Так вот, введение книгопечатания означало унификацию богослужебной практики в России. Справщики просматривали богослужебные книги, сопоставляли их с греческими, южнославянскими и старинными русскими образцами, ликвидировали ошибки, насколько хватало их знаний, и публиковали итоговое издание по благословению митрополита (затем патриарха) и указу царя. Рукописные книги, непроверенные и не имеющие благословения со стороны высшей церковной власти, резко теряли ценность.
Наверное, постепенно, за столетие-другое, справа привела бы к желанному результату, если бы этой огромной работе не мешало несколько обстоятельств.

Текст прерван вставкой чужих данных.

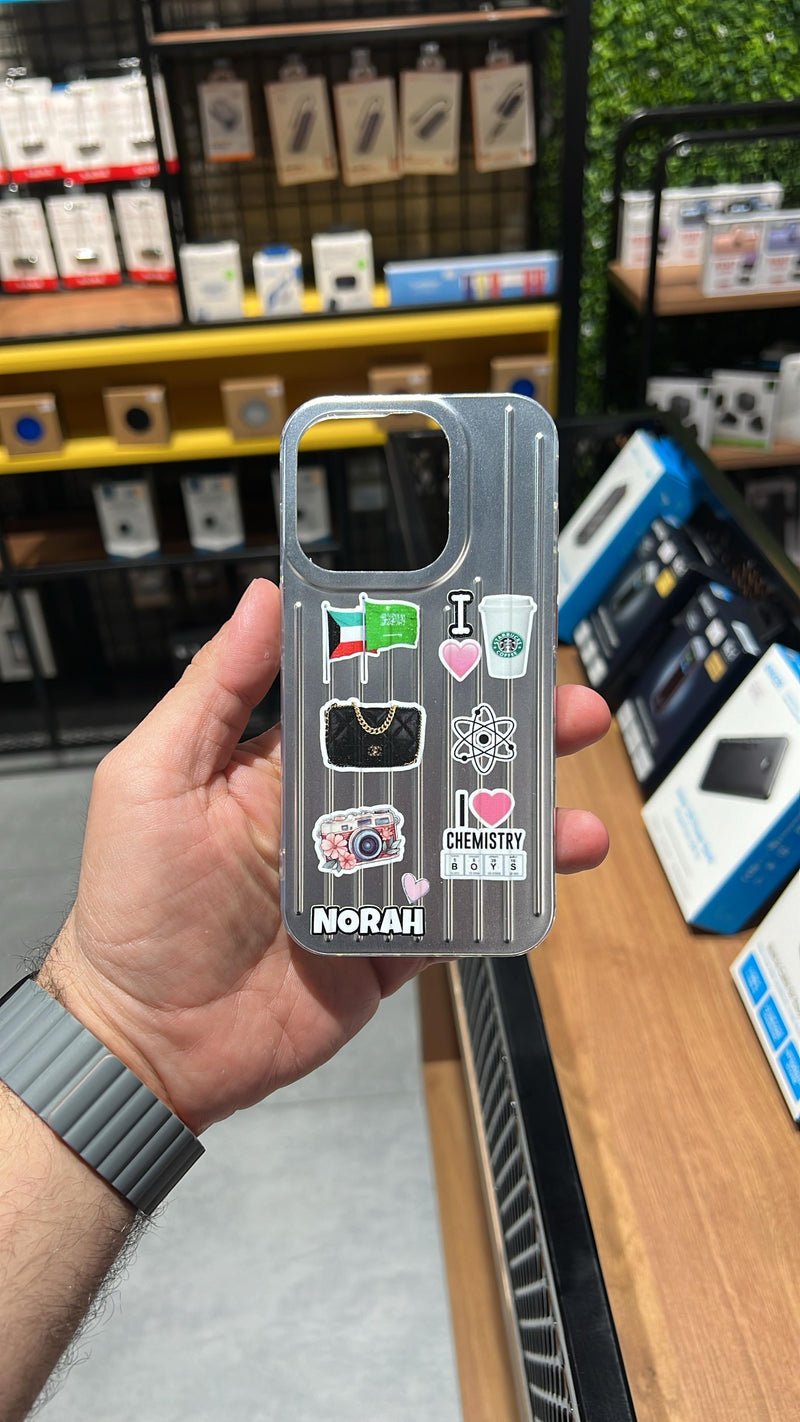 Noufa Silver Phone Case - كفر مع ستيكرز طباعة من اختياركم - الكفر + التصميم + البروفة + الطباعة - سيتم التواصل معكم لتحديد الكلمات والصور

Во-первых, некоторые правки образованных и умных редакторов оспаривались, поскольку многим казалось, что они «рушат старину». А пользование греческими и иными нерусскими образцами не всеми воспринималось как благо: население Московского государства чувствовало себя обособленным от всего прочего мира, как и население любой другой цивилизации, это вполне нормально; оно не доверяло и православным иерархам: грекам, болгарам, сербам. Ведь все эти народы были порабощены и утратили политическую свободу! А по логике религиозного сознания тех времен это, с одной стороны, могло означать кару Господню за грехи, и, с другой стороны, подводило их к соблазну магометанства либо латынства… И случалось так, что справщики подвергались за свою работу наказанию. Однажды их даже позорили публично, на всю Москву, хотя впоследствии признали их правоту… Спорные моменты исправлялись в книгах, а потом приходилось возвращать старую версию, поскольку новая после очередной экспертизы представлялась старомосковским книжникам неверной.
Во-вторых, в патриаршество Никона (1652–1658 годы) было сделано сразу несколько значительных исправлений, которые и стали одной из главных причин церковного раскола. Таким образом, книжная справа, дело, казалось бы, сугубо мирное, вызвала острый общественный конфликт. Движение староверов сопротивлялось «новинам», а Церковь постепенно вводила очередные изменения. Обе стороны проявили большое упорство, а правительство еще и большую жестокость. Проводилась жесткая политика по замене старых, неисправленных книг новыми и по подавлению старообрядчества.
В данном случае важно прежде всего то, что Печатный двор оказался на перекрестье главных культурных потоков, захлестывавших Москву. Здесь сосредоточивалась московская ученость, здесь постепенно росло крупное книжное собрание. Не случайно именно тут возникло и первое значительное собственно русское православное учреждение, связанное с просвещением. В дальнейшем ему суждено было стать плацдармом для самостоятельного, незаемного направления просветительских усилий.
Первым крупным училищем повышенного типа[36]
стала школа иеромонаха Тимофея, учрежденная на Московском печатном дворе в Китай-городе.